Katja (Diane Kruger) et Nuri se sont unis dans un lieu censé les séparer : la prison. Cet amusant paradoxe prend un sens bien plus tragique quand une bombe explose dans une rue passante, emportant avec elle Nuri et son fils. Ainsi, c’est dans l’espace public, celui –a priori – de la liberté, que la séparation prend une tournure définitive. Le terrorisme a ceci d’affreux qu’il renverse tous les repères, et l’introduction du film en témoigne parfaitement. Katja doit alors affronter une douleur qui ne peut se vaincre. Ses parents et beaux-parents, l’institution judiciaire : tout ne fait que renforcer, réanimer, revigorer un sentiment de désespoir, d’incompréhension, de souffrance. Persuadée que l’attentat a été perpétué par des nazis, elle butte néanmoins sur les préjugés d’un pays peu enclin à accepter cette idée…
Le film aurait pu se présenter comme un réquisitoire, un pamphlet, une critique implacable d’une Allemagne aveuglée par ses certitudes, incapable d’admettre que le Mal qui la ronge ne se trouve pas que dans la figure de l’Autre, de l’étranger, mais dans ce qui lui est le plus familier. La critique est plus subtilement amenée, et surtout, ne sacrifie jamais les personnages et leur humanité. Ainsi, il n’y a pas d’angélisme. Les couples mixtes ne sont pas des modèles, et doivent supporter les réticences des parents. L’inspecteur n’est pas totalement inhumain, peut faire preuve de bienveillance, de maladresse, mais aussi d’une consternante insensibilité et incompréhension. Le tribunal laisse la voix aux différentes plaidoiries, sans que la mise en scène ne donne plus de poids aux arguments de la défense pour créer du pathos. Ainsi, si cette épreuve est un véritable chemin de croix pour Katja, son avocat arrive tout de même à emporter l’adhésion à plusieurs reprises.
Ce ne sont pas les hasards de la vie qui ont conduit au drame, mais bien la volonté délibérée d’un groupe de personne de commettre un attentat. Pourtant, le faible nombre de vie atteinte, l’identité des victimes, les doutes quant au passif du père, font que cet attentat n’est jamais perçu comme tel par la société. Il n’y a pas d’emballement, d’hystérie médiatique. Les coupables désignés ne sont pas ceux auxquels la société s’attendait. On se trouve alors devant une aporie : ce qui aurait dû relever d’un attentat, et donc mobiliser la sphère médiatique, politique et publique, devient l’équivalent d’un fait divers. La disproportion entre la gravité de l’acte et, finalement, le peu d’intérêt de la part de la société (qui n’est jamais montrée : aucun journaliste, rien) confère à ce drame un caractère hybride, celui d’être à la fois chargé politiquement, et pourtant dépolitisé (au fond ce n’est peut-être qu’un règlement de compte).

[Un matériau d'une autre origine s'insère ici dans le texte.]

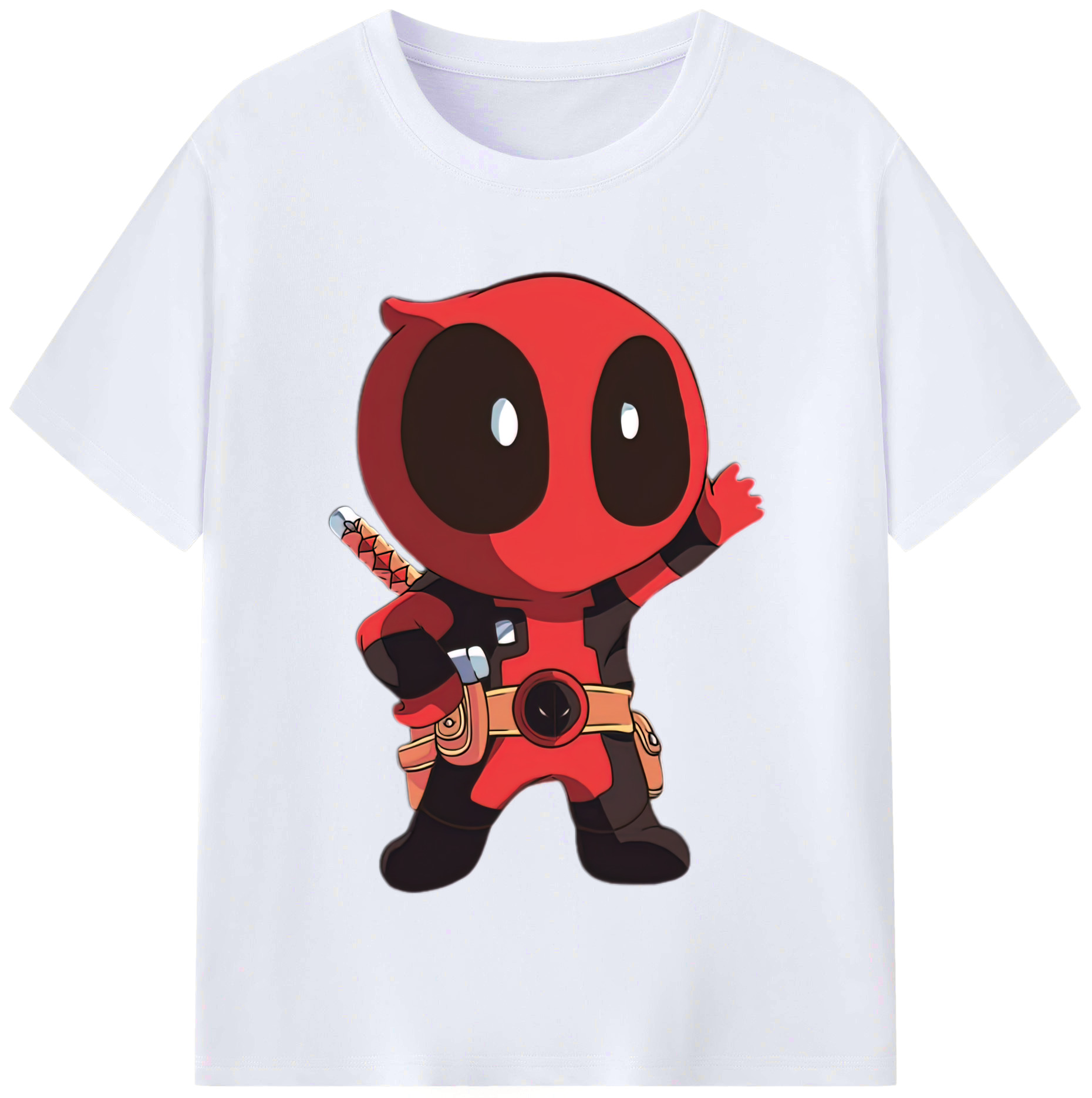 （画像用） Deadpool デッドプール レディースカジュアルプリントTシャツ（綿100％）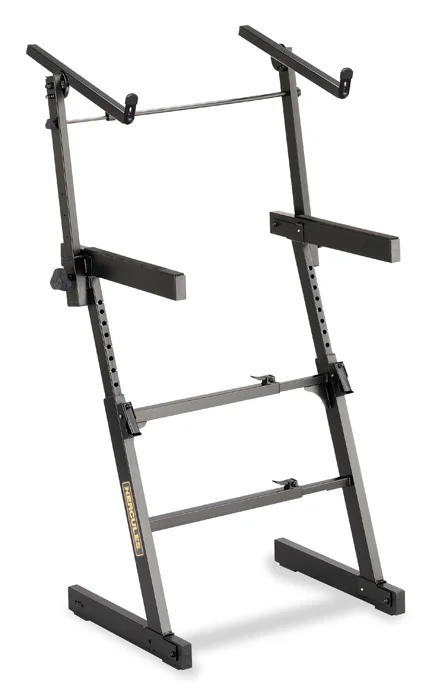 HERCULES STANDS Stand double clavier KS410B Noir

La douleur de l’héroïne s’en trouve bien évidemment décuplée. Elle doit affronter les reproches de ses proches, les doutes quant à la personnalité de son mari, sa possible responsabilité dans la mort de son fils. Tout le film se fonde sur une impossibilité à dire, à trouver en dehors de soi le réconfort, la compréhension qui permettrait de sortir d’un état de malheur. Seul l’avocat semble pouvoir la sortir de ce chaos, mais il faut attendre la décision de justice... L’héroïne est renvoyée à sa propre solitude, à une souffrance si intime qu’elle ne peut faire l’objet d’un partage. La fin n’est pas simpliste et sans qu’aucun dialogue ne nous l’indique, les plans sur le visage de Diane Kruger en disent pourtant beaucoup et les émotions passent remarquablement. On partage le stress, la douleur, les hésitations, la rancoeur... Mention spéciale à Diane Kruger qui livre une prestation XXL !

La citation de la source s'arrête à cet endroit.